- **Task brief**
Scan the entries for the word "Adjustable" and return every line that has it.

- **Data for processing**

* * *

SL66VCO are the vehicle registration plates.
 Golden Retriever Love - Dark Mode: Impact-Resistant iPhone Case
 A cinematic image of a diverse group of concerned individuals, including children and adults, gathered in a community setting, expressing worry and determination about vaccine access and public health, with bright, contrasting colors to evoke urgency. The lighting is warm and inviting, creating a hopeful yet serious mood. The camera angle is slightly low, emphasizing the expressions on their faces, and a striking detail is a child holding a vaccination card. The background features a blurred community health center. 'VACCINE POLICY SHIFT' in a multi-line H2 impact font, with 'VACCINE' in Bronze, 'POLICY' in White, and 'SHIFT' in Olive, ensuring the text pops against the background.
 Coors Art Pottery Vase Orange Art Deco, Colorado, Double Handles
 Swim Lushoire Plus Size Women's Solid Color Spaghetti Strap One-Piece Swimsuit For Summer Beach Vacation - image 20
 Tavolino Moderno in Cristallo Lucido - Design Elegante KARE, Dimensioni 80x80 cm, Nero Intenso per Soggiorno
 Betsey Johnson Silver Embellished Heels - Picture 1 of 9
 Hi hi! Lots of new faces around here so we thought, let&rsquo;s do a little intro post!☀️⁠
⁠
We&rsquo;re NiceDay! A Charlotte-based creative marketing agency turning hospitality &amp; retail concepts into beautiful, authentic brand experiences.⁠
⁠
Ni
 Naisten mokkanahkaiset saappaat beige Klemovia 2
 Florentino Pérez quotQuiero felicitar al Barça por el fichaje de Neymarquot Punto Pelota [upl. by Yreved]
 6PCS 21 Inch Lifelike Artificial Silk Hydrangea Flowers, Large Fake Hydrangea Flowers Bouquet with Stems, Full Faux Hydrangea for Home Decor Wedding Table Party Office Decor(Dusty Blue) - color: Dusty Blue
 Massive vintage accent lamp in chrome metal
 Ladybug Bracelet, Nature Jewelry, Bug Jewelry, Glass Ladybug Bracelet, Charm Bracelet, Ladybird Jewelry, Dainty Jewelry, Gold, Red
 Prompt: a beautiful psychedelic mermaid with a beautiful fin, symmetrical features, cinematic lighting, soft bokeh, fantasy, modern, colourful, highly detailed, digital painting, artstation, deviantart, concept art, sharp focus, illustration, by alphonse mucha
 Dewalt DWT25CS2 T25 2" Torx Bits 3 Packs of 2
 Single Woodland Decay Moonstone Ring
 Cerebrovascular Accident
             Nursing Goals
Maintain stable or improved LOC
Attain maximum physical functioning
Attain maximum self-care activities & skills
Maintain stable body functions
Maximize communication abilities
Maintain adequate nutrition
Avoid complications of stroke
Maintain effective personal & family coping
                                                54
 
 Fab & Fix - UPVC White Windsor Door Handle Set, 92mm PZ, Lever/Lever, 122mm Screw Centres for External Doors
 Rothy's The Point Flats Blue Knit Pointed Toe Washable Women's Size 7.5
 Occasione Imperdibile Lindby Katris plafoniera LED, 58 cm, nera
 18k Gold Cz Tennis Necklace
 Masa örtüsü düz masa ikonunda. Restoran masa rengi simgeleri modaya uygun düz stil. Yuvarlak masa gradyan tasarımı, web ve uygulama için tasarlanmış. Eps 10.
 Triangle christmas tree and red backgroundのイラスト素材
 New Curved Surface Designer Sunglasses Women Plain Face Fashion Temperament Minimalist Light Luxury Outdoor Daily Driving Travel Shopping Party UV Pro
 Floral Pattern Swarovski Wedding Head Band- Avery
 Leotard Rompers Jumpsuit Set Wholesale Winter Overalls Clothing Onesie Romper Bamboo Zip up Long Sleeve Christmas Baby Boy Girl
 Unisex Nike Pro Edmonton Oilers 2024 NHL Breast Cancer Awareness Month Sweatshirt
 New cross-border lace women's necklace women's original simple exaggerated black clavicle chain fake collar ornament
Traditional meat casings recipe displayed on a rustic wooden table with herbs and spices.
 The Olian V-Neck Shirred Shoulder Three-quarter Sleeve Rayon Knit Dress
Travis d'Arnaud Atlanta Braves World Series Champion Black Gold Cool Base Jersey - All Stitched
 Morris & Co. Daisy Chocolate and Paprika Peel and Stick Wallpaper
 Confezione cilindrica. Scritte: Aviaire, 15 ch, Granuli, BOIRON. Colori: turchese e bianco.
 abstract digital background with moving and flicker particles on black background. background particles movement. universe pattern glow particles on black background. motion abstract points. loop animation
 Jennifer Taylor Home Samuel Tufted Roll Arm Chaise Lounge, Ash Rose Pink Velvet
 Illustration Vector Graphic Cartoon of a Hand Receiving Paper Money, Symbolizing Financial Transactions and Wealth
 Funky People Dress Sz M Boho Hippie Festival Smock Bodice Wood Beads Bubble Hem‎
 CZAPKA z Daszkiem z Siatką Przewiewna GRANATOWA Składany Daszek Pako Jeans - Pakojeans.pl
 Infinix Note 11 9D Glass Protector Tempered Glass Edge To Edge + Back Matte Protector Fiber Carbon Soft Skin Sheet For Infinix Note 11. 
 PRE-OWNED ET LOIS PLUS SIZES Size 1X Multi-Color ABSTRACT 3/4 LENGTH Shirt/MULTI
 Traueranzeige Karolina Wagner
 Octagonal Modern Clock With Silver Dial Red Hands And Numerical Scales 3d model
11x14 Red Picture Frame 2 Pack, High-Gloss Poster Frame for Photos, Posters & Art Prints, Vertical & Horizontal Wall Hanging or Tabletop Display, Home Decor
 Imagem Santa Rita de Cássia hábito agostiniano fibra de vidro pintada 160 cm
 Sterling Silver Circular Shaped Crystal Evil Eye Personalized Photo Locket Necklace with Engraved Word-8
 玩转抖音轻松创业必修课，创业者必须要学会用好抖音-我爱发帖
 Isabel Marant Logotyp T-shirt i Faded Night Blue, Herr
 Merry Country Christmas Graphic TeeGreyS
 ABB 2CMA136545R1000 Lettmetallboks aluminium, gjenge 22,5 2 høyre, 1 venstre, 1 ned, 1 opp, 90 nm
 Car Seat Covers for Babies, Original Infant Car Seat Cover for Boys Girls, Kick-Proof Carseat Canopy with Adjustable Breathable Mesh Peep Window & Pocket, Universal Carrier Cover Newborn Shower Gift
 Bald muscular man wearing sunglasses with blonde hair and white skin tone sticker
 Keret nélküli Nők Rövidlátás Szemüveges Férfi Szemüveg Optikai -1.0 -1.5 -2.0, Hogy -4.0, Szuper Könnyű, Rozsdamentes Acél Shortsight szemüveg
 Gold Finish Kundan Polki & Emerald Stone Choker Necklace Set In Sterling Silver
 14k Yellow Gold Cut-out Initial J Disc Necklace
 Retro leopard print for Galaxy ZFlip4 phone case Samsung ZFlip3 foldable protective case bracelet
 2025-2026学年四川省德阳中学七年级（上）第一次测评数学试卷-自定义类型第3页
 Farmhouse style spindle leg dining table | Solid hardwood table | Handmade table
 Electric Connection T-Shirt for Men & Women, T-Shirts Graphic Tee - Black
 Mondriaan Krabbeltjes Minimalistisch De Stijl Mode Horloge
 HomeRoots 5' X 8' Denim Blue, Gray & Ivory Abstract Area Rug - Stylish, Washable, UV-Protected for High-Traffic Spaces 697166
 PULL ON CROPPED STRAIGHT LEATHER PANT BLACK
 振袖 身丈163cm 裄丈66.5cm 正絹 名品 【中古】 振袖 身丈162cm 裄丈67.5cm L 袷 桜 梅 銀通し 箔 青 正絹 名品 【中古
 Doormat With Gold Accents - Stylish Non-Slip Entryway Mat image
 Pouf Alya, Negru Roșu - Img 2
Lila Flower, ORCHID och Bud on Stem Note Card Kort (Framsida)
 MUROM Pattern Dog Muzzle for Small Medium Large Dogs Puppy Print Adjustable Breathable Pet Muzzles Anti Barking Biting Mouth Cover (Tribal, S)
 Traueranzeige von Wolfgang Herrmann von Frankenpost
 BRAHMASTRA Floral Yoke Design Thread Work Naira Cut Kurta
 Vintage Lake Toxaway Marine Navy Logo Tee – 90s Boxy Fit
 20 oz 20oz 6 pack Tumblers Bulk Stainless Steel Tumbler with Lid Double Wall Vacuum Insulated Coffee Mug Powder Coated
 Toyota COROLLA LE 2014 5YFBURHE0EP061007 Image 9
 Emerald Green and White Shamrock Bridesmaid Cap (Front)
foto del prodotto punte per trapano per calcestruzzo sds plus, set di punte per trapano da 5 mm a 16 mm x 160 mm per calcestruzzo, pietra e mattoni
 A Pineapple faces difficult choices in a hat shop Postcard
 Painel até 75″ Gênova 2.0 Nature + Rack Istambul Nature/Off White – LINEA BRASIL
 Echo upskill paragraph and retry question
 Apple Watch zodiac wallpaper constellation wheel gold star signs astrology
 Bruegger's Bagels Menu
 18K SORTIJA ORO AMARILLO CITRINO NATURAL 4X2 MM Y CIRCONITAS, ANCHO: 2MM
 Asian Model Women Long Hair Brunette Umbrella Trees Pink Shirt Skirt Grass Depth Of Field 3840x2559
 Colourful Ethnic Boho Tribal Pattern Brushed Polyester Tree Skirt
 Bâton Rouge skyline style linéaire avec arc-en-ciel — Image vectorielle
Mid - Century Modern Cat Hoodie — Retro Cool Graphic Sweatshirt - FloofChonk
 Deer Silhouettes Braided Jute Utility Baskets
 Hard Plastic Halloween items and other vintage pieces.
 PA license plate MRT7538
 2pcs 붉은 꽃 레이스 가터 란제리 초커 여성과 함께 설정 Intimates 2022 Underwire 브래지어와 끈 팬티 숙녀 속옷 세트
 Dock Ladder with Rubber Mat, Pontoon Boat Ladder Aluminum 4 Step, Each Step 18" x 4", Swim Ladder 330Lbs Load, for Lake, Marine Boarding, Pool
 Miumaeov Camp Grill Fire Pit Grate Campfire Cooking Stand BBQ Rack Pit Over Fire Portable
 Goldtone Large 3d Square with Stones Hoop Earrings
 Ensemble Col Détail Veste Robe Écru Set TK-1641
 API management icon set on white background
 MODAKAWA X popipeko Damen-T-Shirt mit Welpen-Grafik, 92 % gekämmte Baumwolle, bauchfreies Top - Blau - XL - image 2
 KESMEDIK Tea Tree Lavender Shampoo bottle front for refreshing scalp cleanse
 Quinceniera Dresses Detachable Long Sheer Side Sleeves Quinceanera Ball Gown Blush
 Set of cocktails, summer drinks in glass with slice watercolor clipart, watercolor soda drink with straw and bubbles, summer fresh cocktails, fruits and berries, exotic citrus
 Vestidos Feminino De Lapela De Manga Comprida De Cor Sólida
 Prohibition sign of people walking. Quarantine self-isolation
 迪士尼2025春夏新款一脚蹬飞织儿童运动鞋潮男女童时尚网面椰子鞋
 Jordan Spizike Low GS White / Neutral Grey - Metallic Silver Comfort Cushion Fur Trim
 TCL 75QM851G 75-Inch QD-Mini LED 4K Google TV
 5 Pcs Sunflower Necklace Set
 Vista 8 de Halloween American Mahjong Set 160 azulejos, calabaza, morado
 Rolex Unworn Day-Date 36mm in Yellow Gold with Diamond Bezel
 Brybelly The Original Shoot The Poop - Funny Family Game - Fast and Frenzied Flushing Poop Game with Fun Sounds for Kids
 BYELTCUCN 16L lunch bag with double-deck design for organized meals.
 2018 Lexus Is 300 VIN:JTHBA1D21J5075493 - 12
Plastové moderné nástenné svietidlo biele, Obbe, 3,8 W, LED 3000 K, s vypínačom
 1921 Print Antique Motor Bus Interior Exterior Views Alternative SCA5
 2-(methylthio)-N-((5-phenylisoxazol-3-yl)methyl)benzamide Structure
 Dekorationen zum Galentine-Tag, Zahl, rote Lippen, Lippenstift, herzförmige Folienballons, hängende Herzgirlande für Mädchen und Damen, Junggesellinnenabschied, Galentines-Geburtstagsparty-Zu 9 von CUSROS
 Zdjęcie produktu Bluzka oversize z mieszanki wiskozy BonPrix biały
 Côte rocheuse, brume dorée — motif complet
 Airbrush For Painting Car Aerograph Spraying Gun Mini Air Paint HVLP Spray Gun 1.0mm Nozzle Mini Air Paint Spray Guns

* * *

- **Written solution**
 Car Seat Covers for Babies, Original Infant Car Seat Cover for Boys Girls, Kick-Proof Carseat Canopy with Adjustable Breathable Mesh Peep Window & Pocket, Universal Carrier Cover Newborn Shower Gift
 MUROM Pattern Dog Muzzle for Small Medium Large Dogs Puppy Print Adjustable Breathable Pet Muzzles Anti Barking Biting Mouth Cover (Tribal, S)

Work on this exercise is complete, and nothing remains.